Mi padre el Dr. Eduardo García Flores, neurocirujano, siempre hizo énfasis en la importancia del desarrollo cerebral durante los primeros años de vida. Procuramos cultivar un ambiente de melodías que escuchaba el bebé in útero. Es equivalente a alguien que esta en el fondo de una alberca y las voces no se entienden, pero se sienten, como murmullos. Retomé la lectura, This Is Your Brain on Music de Daniel Levitin, neurocientifico y músico, profesor de la Universidad McGill, donde explica cómo la música moldea la mente desde los primeros días. Levitin profundiza que la experiencia musical activa regiones cerebrales vinculadas a la memoria, la emoción y el lenguaje —es decir, que escuchar música no solo entretiene, sino que construye conexiones neuronales, sinapsis.
Así que hemos creado un playlist para nuestro hijo, inspirado en la Sonata para dos pianos en Re mayor, K. 448, de Herr Mozart, aunque aclaro: el llamado “efecto Mozart” fue un gran mito mercadológico.
El estudio original, publicado en Nature en 1993 por Frances Rauscher, Gordon Shaw y Katherine Ky, analizó a 36 estudiantes universitarios, no a bebés. Lo que se midió no fue la inteligencia general, sino la capacidad de razonamiento espacial-temporal, que aumentó brevemente de 8 a 9 puntos en un coeficiente intelectual según examen aplicado, después de escuchar la sonata. El efecto, sin embargo, fue efímero: duró apenas unos diez minutos y variaba según la actividad realizada. En lo personal, prefiero el Concierto para piano n.º 20 en re menor, K.466, también de Mozart, o una pieza Andante Allegro del Maestro Händel interpretada en arpa en si mayor.
Aun así, la música es un rito trascendental del ser humano. Lo he dicho en muchas clases: en el matrimonio hay música; en los funerales, hay música; en las graduaciones y en las celebraciones más importantes, siempre hay una melodía que acompaña y eleva el espíritu. El primer instrumento que escuchó Marcelo Augusto fue un tamborcito: el corazón de su madre. Hasta hoy, ya ha oído varias melodías, canciones de cuna y, sobre todo, el arrullo materno. Pero quizá la que más le gusta, y la que marca el ritmo de nuestras noches, es esa que le cantamos juntos para dormir.

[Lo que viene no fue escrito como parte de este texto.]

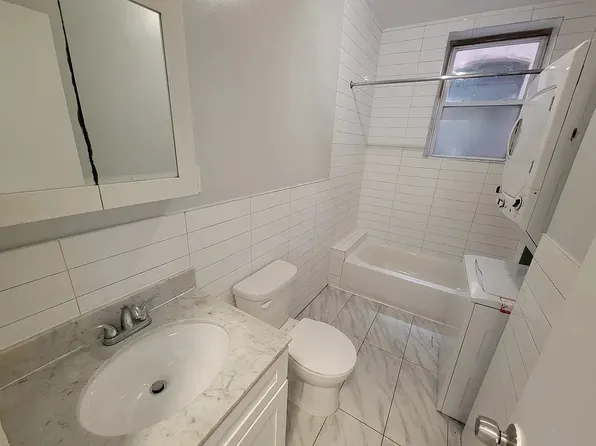 1235 Union Avenue image 13 of 14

Marcelo A., sin saberlo, es mi primer lector, el primer testigo de lo que intento construir. Y ahí, en esa mezcla entre vida y creación, siento que todo se une: El matrimonio. El hijo que me impulsa. Todo forma parte del mismo movimiento: una apuesta por el futuro.
Nacer dos veces. Porque cuidar, amar, educar y aprender cada día de un ser que apenas empieza a existir es, en el fondo, la forma más audaz de construir el futuro.
Aquí estoy, ahora formo parte de un club selecto, entre biberones, mi dispositivo de IA Plaud, nuevos proyectos en el horizonte y compartir desvelos con mi esposa. Sintiéndome parte de algo mucho más grande que yo: la vida, una vez más, impulsándome, hacia adelante.
Y mientras mi hijo duerme y las ideas maduran, entiendo al fin que crear, ya sea un hijo, una historia o un nuevo proyecto, siempre empieza con la misma chispa de arranque: la de volver a nacer.